[RFC] scsi: core: remove unsed 'restarts' from scsi_device

Message ID 20221118113052.1324140-1-yukuai1@huaweicloud.com
State New
Headers
Series [RFC] scsi: core: remove unsed 'restarts' from scsi_device |

Commit Message

Yu Kuai Nov. 18, 2022, 11:30 a.m. UTC
  From: Yu Kuai <yukuai3@huawei.com>

During code review, I found that 'restarts' is not useful anymore after
the following commits:

1) commit ab3cee3762e5 ("blk-mq: In blk_mq_dispatch_rq_list() "no budget"
is a reason to kick")
2) commit d3b38596875d ("blk-mq: run queue no matter whether the request
is the last request")
3) commit 673235f91531 ("scsi: core: Fix race between handling STS_RESOURCE
and completion")

Now that if get budget ever failed, block layer will make sure to
trigger new run queue for the hctx. Hence there is no need to run queue
from scsi layer in this case.

Signed-off-by: Yu Kuai <yukuai3@huawei.com>
---
 drivers/scsi/scsi_lib.c    | 35 -----------------------------------
 include/scsi/scsi_device.h |  1 -
 2 files changed, 36 deletions(-)
  

Comments

Bart Van Assche Nov. 19, 2022, 1:11 a.m. UTC | #1
On 11/18/22 03:30, Yu Kuai wrote:
> From: Yu Kuai <yukuai3@huawei.com>

Regarding the subject: unsed -> unused?
  
Yu Kuai Nov. 19, 2022, 5:57 a.m. UTC | #2
Hi,

在 2022/11/19 9:11, Bart Van Assche 写道:
> On 11/18/22 03:30, Yu Kuai wrote:
>> From: Yu Kuai <yukuai3@huawei.com>
> 
> Regarding the subject: unsed -> unused?

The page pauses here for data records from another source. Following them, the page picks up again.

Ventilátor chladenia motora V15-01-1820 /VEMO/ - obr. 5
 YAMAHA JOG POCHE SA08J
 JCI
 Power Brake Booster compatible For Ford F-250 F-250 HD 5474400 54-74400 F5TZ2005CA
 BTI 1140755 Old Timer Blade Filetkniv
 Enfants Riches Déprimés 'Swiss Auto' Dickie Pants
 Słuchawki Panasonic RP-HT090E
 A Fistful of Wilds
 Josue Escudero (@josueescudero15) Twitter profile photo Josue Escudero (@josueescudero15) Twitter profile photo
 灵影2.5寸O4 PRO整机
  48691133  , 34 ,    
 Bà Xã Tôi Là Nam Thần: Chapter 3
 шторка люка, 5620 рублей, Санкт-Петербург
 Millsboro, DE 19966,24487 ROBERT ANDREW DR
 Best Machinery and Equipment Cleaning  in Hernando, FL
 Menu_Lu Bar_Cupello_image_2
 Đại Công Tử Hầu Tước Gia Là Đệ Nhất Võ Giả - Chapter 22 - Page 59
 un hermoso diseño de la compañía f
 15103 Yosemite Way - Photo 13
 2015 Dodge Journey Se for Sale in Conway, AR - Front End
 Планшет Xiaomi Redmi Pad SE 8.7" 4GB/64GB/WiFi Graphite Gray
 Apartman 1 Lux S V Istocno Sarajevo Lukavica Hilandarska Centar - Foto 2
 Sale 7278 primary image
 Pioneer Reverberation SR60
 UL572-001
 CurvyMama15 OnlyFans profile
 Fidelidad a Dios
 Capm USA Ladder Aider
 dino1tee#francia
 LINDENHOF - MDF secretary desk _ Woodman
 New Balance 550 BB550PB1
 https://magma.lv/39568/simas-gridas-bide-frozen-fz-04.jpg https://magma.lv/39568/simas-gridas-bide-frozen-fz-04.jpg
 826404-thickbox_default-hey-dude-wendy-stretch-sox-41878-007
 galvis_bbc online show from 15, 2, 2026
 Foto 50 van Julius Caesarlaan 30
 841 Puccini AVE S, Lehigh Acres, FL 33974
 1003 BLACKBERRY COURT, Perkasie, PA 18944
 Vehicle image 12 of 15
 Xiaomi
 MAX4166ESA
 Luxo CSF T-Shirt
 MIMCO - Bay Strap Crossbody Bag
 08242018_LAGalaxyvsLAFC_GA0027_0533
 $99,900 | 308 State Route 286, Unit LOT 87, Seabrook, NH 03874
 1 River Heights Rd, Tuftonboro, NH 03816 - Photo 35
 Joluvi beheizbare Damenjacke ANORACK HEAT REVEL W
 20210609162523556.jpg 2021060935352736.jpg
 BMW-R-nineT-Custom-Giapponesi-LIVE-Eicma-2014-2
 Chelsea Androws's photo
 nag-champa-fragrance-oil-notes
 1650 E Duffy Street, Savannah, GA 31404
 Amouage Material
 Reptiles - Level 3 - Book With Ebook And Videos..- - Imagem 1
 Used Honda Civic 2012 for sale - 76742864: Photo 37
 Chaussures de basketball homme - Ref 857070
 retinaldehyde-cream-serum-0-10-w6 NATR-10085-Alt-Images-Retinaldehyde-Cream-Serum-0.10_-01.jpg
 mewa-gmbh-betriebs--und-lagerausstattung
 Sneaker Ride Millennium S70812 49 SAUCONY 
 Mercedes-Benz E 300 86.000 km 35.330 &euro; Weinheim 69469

Yes, sorry for the spelling mistake.
> 
> .
>
  
Yu Kuai Nov. 26, 2022, 8:54 a.m. UTC | #3
Hi,

在 2022/11/18 19:30, Yu Kuai 写道:
> From: Yu Kuai <yukuai3@huawei.com>
> 
> During code review, I found that 'restarts' is not useful anymore after
> the following commits:
> 
> 1) commit ab3cee3762e5 ("blk-mq: In blk_mq_dispatch_rq_list() "no budget"
> is a reason to kick")
> 2) commit d3b38596875d ("blk-mq: run queue no matter whether the request
> is the last request")
> 3) commit 673235f91531 ("scsi: core: Fix race between handling STS_RESOURCE
> and completion")
> 
> Now that if get budget ever failed, block layer will make sure to
> trigger new run queue for the hctx. Hence there is no need to run queue
> from scsi layer in this case.
> 

Does anyone has suggestions about this patch?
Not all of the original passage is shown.